╭──

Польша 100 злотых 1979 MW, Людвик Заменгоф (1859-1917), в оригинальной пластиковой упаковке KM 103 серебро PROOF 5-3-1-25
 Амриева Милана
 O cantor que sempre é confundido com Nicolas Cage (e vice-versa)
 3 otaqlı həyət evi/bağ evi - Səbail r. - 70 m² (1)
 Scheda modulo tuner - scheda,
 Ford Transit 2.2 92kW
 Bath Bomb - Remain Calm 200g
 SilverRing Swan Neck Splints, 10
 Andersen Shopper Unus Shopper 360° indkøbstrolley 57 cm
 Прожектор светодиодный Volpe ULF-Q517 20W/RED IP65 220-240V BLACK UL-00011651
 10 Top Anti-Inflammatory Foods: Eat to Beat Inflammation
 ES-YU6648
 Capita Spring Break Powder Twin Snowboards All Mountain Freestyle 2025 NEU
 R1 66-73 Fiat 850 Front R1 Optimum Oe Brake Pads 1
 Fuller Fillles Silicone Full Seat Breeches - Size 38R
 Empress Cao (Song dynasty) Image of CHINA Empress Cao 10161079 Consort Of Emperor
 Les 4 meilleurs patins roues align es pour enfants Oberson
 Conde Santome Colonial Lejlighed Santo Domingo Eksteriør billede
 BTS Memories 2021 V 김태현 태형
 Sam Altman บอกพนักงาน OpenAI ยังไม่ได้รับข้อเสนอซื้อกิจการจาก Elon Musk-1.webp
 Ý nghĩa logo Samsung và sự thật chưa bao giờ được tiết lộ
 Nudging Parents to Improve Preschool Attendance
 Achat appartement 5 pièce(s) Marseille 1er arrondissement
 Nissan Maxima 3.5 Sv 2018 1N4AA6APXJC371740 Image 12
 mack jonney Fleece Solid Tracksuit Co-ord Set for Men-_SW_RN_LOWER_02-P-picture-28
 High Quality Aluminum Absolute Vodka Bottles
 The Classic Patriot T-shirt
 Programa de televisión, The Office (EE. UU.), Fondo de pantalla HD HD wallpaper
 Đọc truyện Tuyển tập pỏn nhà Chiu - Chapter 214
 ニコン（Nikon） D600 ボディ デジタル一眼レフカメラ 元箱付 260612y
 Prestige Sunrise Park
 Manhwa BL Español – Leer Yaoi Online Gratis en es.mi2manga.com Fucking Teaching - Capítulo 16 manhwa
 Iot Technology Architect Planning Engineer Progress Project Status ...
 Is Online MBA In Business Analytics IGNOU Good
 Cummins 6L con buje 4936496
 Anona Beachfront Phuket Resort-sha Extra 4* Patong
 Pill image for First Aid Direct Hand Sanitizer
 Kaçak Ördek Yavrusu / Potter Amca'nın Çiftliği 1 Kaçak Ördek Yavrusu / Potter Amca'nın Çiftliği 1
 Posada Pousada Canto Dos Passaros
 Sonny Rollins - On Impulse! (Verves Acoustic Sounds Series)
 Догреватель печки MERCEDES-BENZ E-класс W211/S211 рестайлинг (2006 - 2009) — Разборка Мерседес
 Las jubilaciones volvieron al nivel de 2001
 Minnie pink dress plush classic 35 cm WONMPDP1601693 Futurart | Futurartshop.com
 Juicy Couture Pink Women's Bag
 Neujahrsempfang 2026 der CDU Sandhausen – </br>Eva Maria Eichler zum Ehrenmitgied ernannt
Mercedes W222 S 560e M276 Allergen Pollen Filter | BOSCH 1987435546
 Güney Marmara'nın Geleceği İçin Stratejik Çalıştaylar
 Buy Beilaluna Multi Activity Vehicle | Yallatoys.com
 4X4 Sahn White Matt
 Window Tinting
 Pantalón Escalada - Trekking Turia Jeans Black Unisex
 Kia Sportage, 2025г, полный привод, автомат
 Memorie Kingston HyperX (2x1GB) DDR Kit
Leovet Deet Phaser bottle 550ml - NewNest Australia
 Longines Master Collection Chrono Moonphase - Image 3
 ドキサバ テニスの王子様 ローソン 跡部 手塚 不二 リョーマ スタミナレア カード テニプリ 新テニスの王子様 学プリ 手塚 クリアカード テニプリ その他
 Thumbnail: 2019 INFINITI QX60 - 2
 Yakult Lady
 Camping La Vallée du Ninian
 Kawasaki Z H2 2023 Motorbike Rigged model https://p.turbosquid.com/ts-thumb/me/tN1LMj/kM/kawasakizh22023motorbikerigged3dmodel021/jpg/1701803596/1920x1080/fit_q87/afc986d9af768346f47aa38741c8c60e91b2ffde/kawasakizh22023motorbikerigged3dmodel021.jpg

╰──

• Task description:
Lines from the top of the entries through the line with "Pill image for" are to be transcribed exactly, and nothing more.

• Problem solution:
Польша 100 злотых 1979 MW, Людвик Заменгоф (1859-1917), в оригинальной пластиковой упаковке KM 103 серебро PROOF 5-3-1-25
 Амриева Милана
 O cantor que sempre é confundido com Nicolas Cage (e vice-versa)
 3 otaqlı həyət evi/bağ evi - Səbail r. - 70 m² (1)
 Scheda modulo tuner - scheda,
 Ford Transit 2.2 92kW
 Bath Bomb - Remain Calm 200g
 SilverRing Swan Neck Splints, 10
 Andersen Shopper Unus Shopper 360° indkøbstrolley 57 cm
 Прожектор светодиодный Volpe ULF-Q517 20W/RED IP65 220-240V BLACK UL-00011651
 10 Top Anti-Inflammatory Foods: Eat to Beat Inflammation
 ES-YU6648
 Capita Spring Break Powder Twin Snowboards All Mountain Freestyle 2025 NEU
 R1 66-73 Fiat 850 Front R1 Optimum Oe Brake Pads 1
 Fuller Fillles Silicone Full Seat Breeches - Size 38R
 Empress Cao (Song dynasty) Image of CHINA Empress Cao 10161079 Consort Of Emperor
 Les 4 meilleurs patins roues align es pour enfants Oberson
 Conde Santome Colonial Lejlighed Santo Domingo Eksteriør billede
 BTS Memories 2021 V 김태현 태형
 Sam Altman บอกพนักงาน OpenAI ยังไม่ได้รับข้อเสนอซื้อกิจการจาก Elon Musk-1.webp
 Ý nghĩa logo Samsung và sự thật chưa bao giờ được tiết lộ
 Nudging Parents to Improve Preschool Attendance
 Achat appartement 5 pièce(s) Marseille 1er arrondissement
 Nissan Maxima 3.5 Sv 2018 1N4AA6APXJC371740 Image 12
 mack jonney Fleece Solid Tracksuit Co-ord Set for Men-_SW_RN_LOWER_02-P-picture-28
 High Quality Aluminum Absolute Vodka Bottles
 The Classic Patriot T-shirt
 Programa de televisión, The Office (EE. UU.), Fondo de pantalla HD HD wallpaper
 Đọc truyện Tuyển tập pỏn nhà Chiu - Chapter 214
 ニコン（Nikon） D600 ボディ デジタル一眼レフカメラ 元箱付 260612y
 Prestige Sunrise Park
 Manhwa BL Español – Leer Yaoi Online Gratis en es.mi2manga.com Fucking Teaching - Capítulo 16 manhwa
 Iot Technology Architect Planning Engineer Progress Project Status ...
 Is Online MBA In Business Analytics IGNOU Good
 Cummins 6L con buje 4936496
 Anona Beachfront Phuket Resort-sha Extra 4* Patong
 Pill image for First Aid Direct Hand Sanitizer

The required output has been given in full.